As in much else, the theme of Bhutan’s development journey has been the change. In the process, however, we have had to come to terms with the danger of losing our very value systems and identity that defined the sovereignty of our society. At times, the measures we employed to balance the development needs of the country and the preservation and promotion of unique Bhutanese identity had us wedged in difficult situations. All the while, though, we knew that we would only confront more challenges along the development path and did our best to prepare. Time has now come to ask again whether we have done enough. Apparently, we have not.
Bhutan is today grappling with some of the serious problems that many developing countries are facing. The privilege that we had in the early days of the planned development initiative to learn from the mistakes that other countries made before us long ceased to be true. We are today left to be guided by our own wisdom and experience entirely. The real danger is that we can be overconfident and so make serious mistakes. We are already having to deal with issues that are the results of our negligence.
One way, Bhutan has all the elements for a perfect case study for development studies, which has resulted from our dependence on select development opportunities. It is now finally dawning on us that we could have spread our economic advantages beyond hydropower and other industries. Ironically, what we seem to be missing is the lesson that is Bhutan itself. That is perhaps why we have challenges on all fronts to confront: education, tourism, irrigation and communication, to name but a few.

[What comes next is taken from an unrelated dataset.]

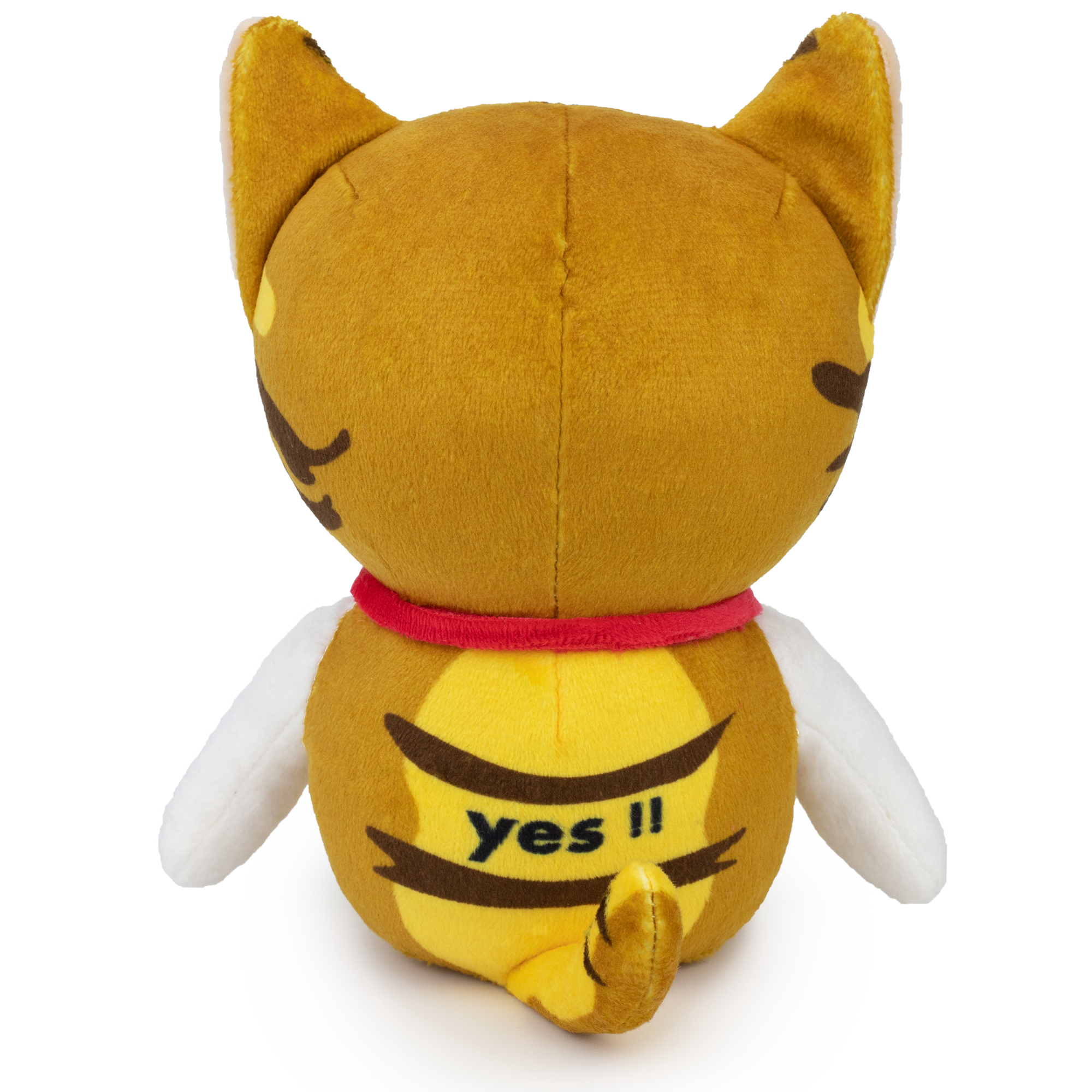 ibxtoycat Plush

More important, at this juncture of Bhutan’s development journey, where are the nation’s youth? We have policies, plans, and programmes, but we are forgetting our role and missing the real objectives of the programmes. The Bhutanese youth are today the most vulnerable section of society. Joblessness among the youth has been growing for some time now. In the meanwhile, efforts to address the problems facing the nation’s young people have started to backfire. For indeed, why must a country faced with manpower shortage look to other countries for employment?
At the heart of the systemic failure is the lack of accountability. The longer we tarry here, with the kind of attitude that is deep-seated in the Bhutanese bureaucracy, the more problems will we give fecund grounds to. We would do well, therefore, to look at our more serious deficiencies. We tend to want to sound needlessly high-flown. What, for example, does the vision of educated and enlightened youth mean, really?
Enlightened youth is the least we want at this time. We need Bhutanese youth with skills and knowledge to face the challenges of the future.